* Work item: Restate the listing below word for word, pictures excluded.

"""

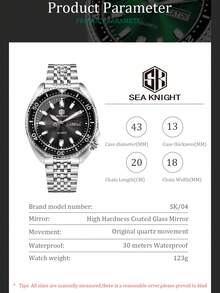 SEA KNIGHT Fashion Brand Men's Business Quartz Watch, New Rotating Bezel, Luminous, Date & Day Display, Waterproof, Men's Watch Gift - one-size - View 7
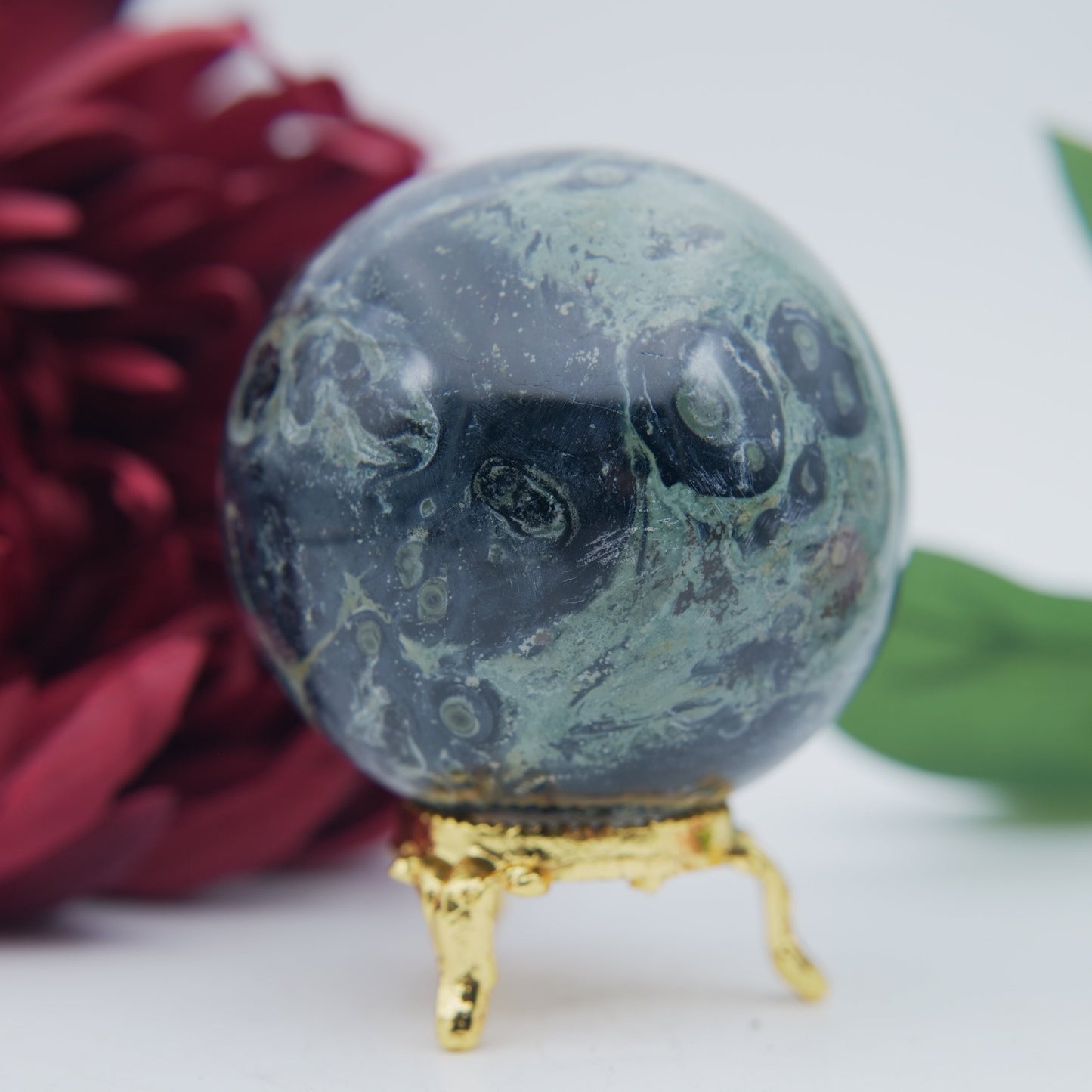 Stromatolite / Kambaba Jasper Sphere — 366g (65mm) - Positive Faith Hope Love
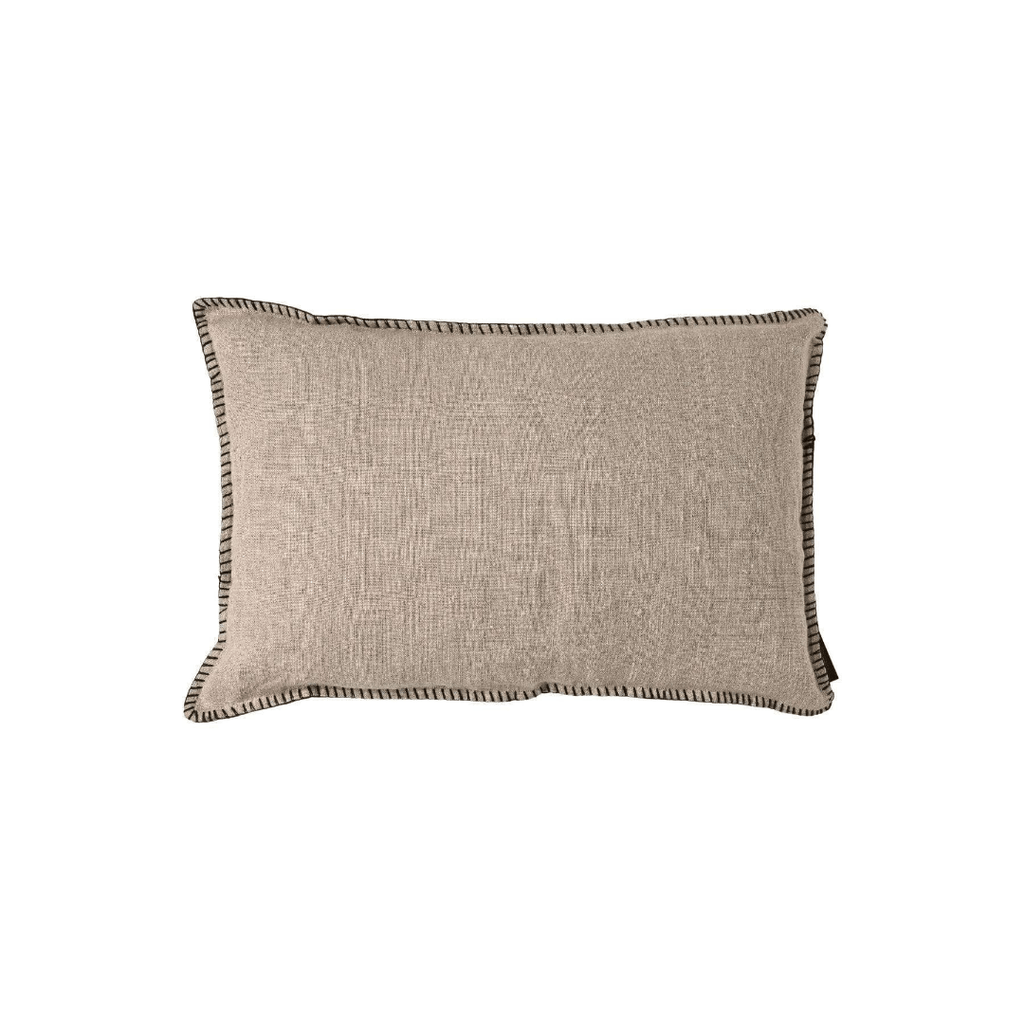 Fronce de coussin en lin | Bord brodé | Naturel 40x60cm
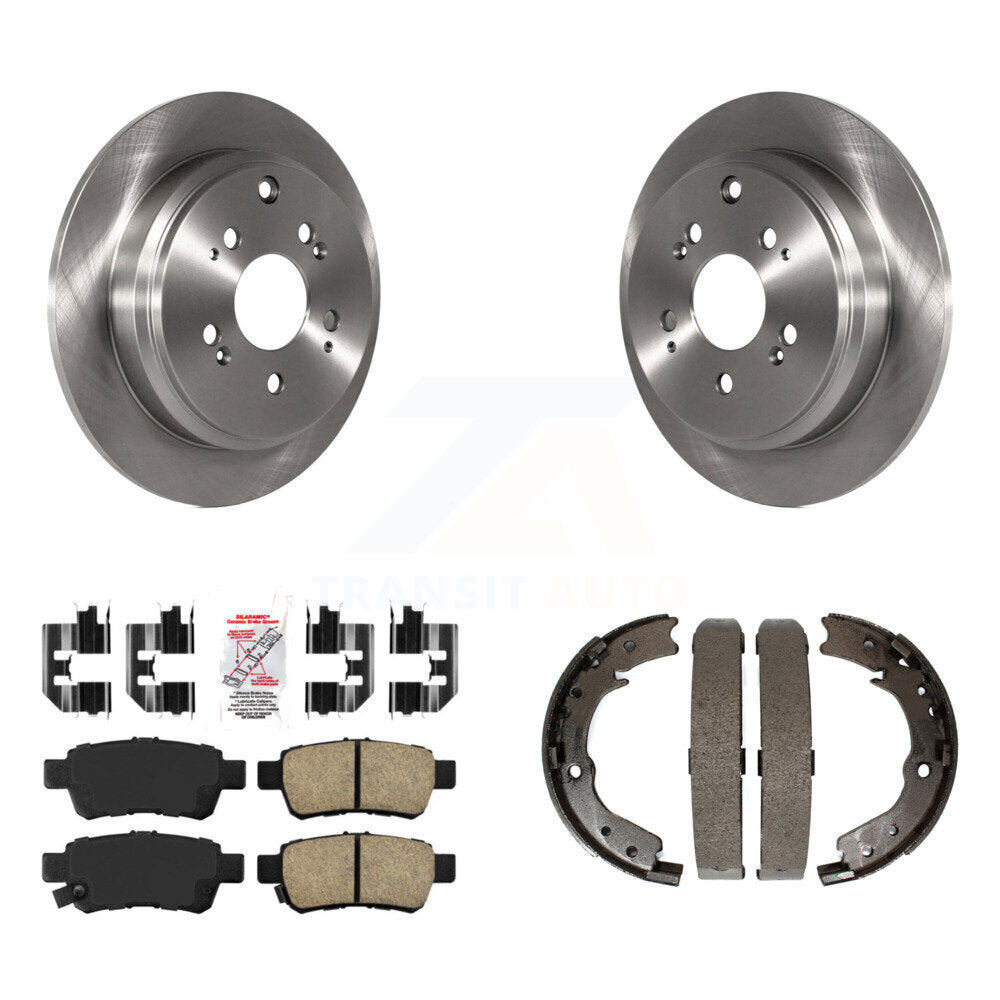 Rear Disc Rotors Ceramic Pads And Parking Brake Shoes Kit For 2005-2010 Honda Odyssey K8A-108542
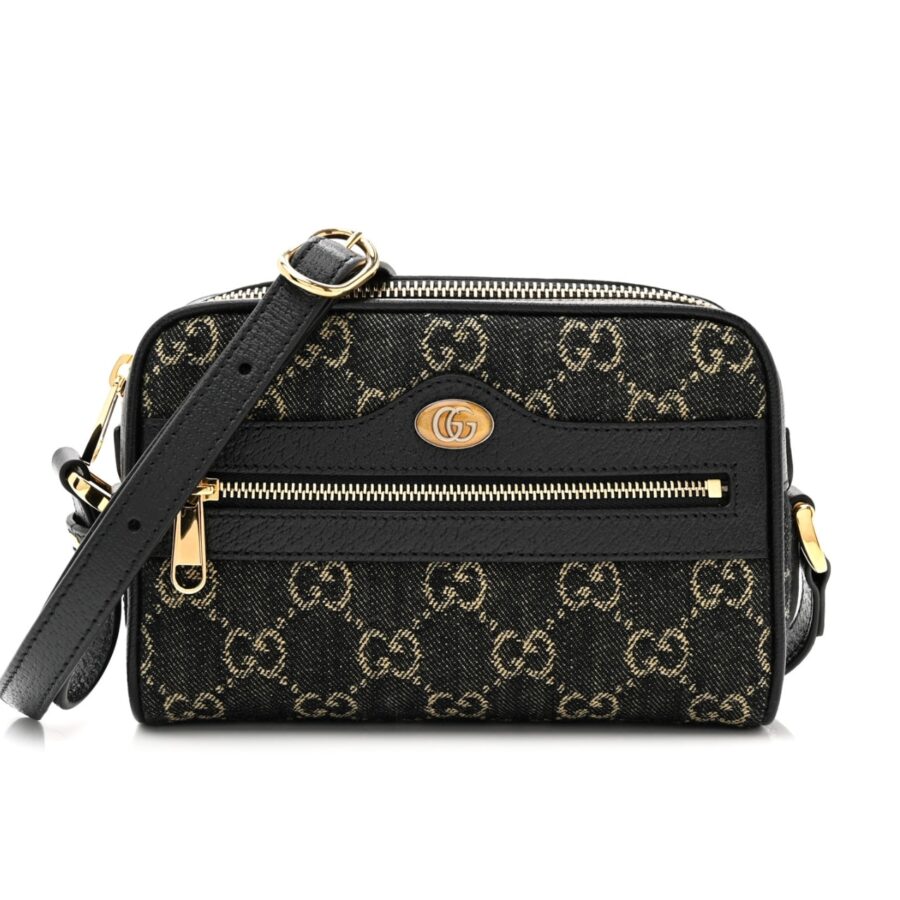 Gucci Mini Ophidia GG Denim Jacquard Black And Ivory 17cm
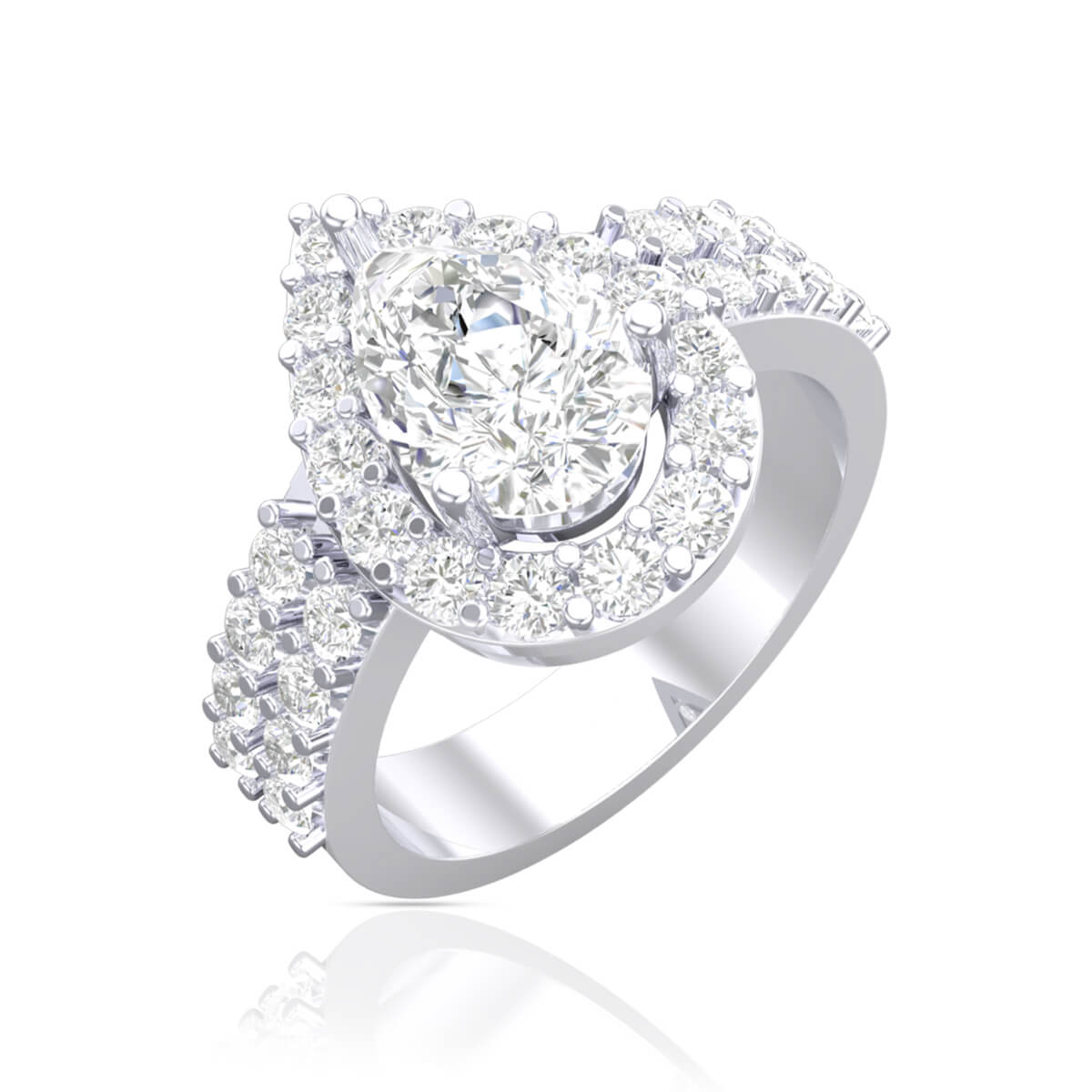 Drop Solitaire White Gold Diamond Ring with Free Gold Coin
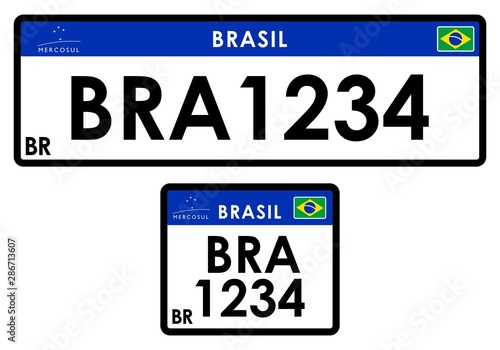 License car plate Brazil. Only graphical representation without scale or precision of the original elements.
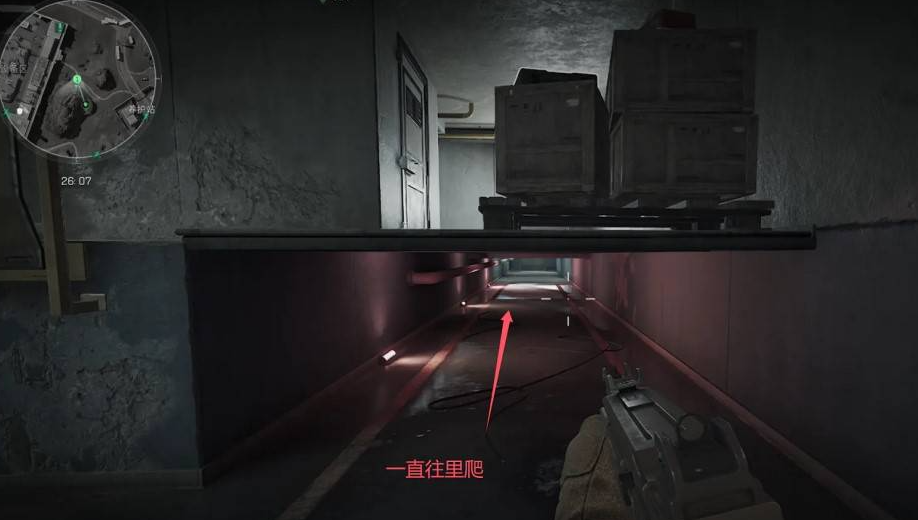 密码门最终点位：厚重防爆门紧贴管壁，门框边缘覆盖仿真水泥涂层，键盘旁贴有模糊的‘NO ENTRY’警示标签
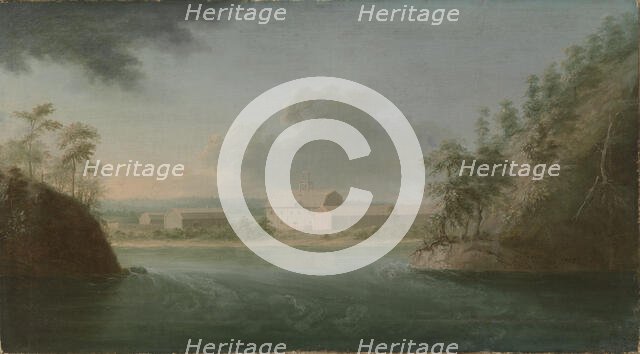 The town of Heinola on the Jyrängönvirta, a branch of the of the Kymi River, 1787.  Creator: Nils Schillmark.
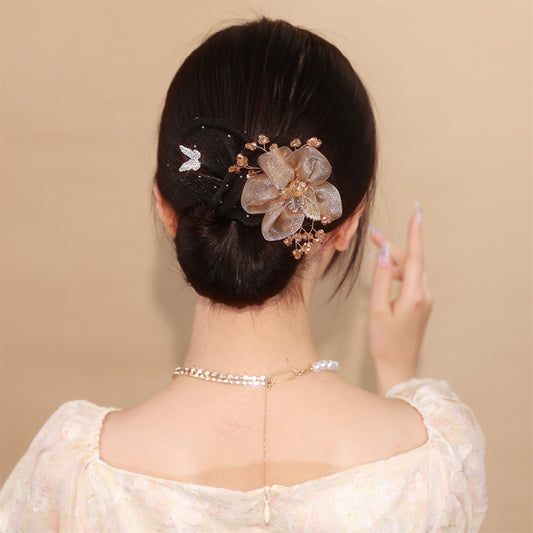 Collection 1 : Light Luxury Camellia Bow Hair Bun Maker  Elegant Black Starry Mesh Twist / Coil / Braider & Headdress Hair Insert Accessories for Women
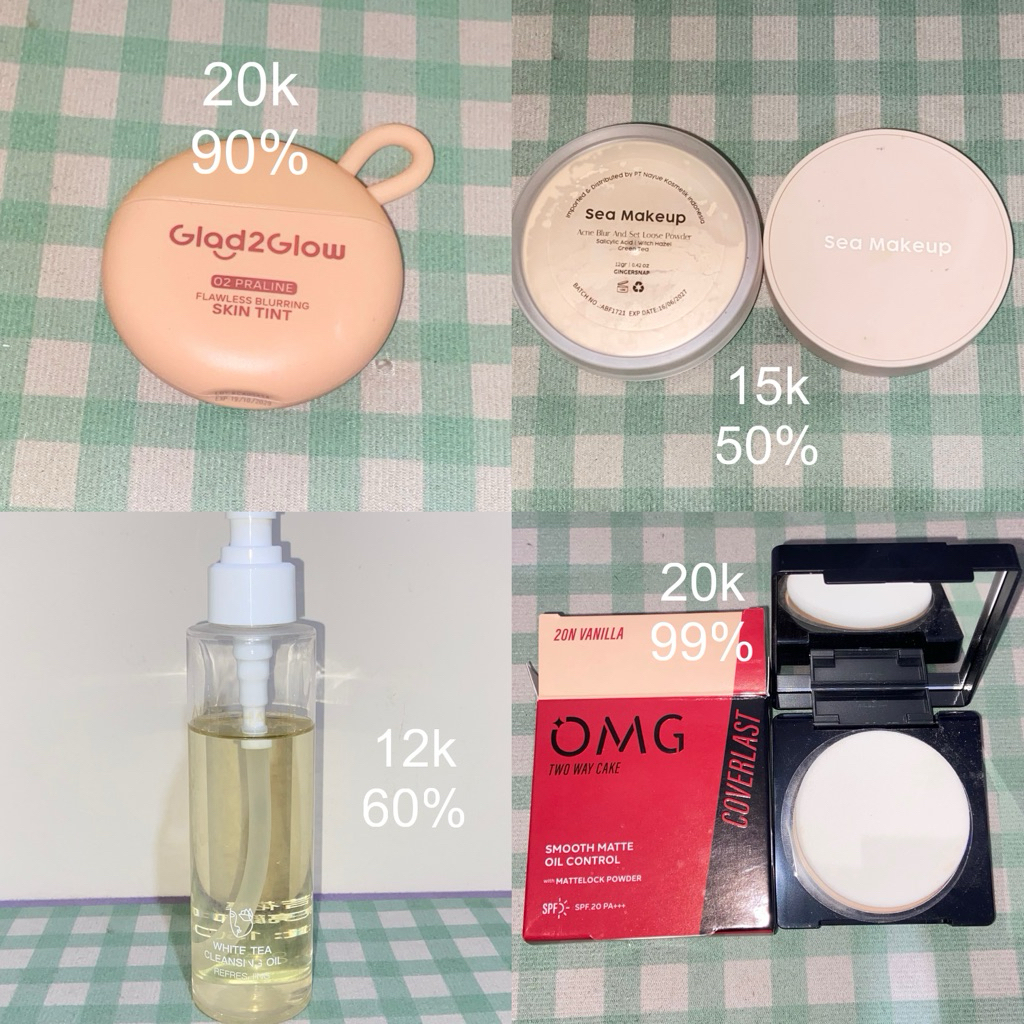 PRELOVED OMG two way cake coverlast/ sea makeup loose powder/skin tint g2g praline/cleansing oil AKI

"""

* Problem solution:
 SEA KNIGHT Fashion Brand Men's Business Quartz Watch, New Rotating Bezel, Luminous, Date & Day Display, Waterproof, Men's Watch Gift - one-size - View 7
 Stromatolite / Kambaba Jasper Sphere — 366g (65mm) - Positive Faith Hope Love
 Fronce de coussin en lin | Bord brodé | Naturel 40x60cm
 Rear Disc Rotors Ceramic Pads And Parking Brake Shoes Kit For 2005-2010 Honda Odyssey K8A-108542
 Gucci Mini Ophidia GG Denim Jacquard Black And Ivory 17cm
 Drop Solitaire White Gold Diamond Ring with Free Gold Coin
 License car plate Brazil. Only graphical representation without scale or precision of the original elements.
 密码门最终点位：厚重防爆门紧贴管壁，门框边缘覆盖仿真水泥涂层，键盘旁贴有模糊的‘NO ENTRY’警示标签
 The town of Heinola on the Jyrängönvirta, a branch of the of the Kymi River, 1787.  Creator: Nils Schillmark.
 Collection 1 : Light Luxury Camellia Bow Hair Bun Maker  Elegant Black Starry Mesh Twist / Coil / Braider & Headdress Hair Insert Accessories for Women
 PRELOVED OMG two way cake coverlast/ sea makeup loose powder/skin tint g2g praline/cleansing oil AKI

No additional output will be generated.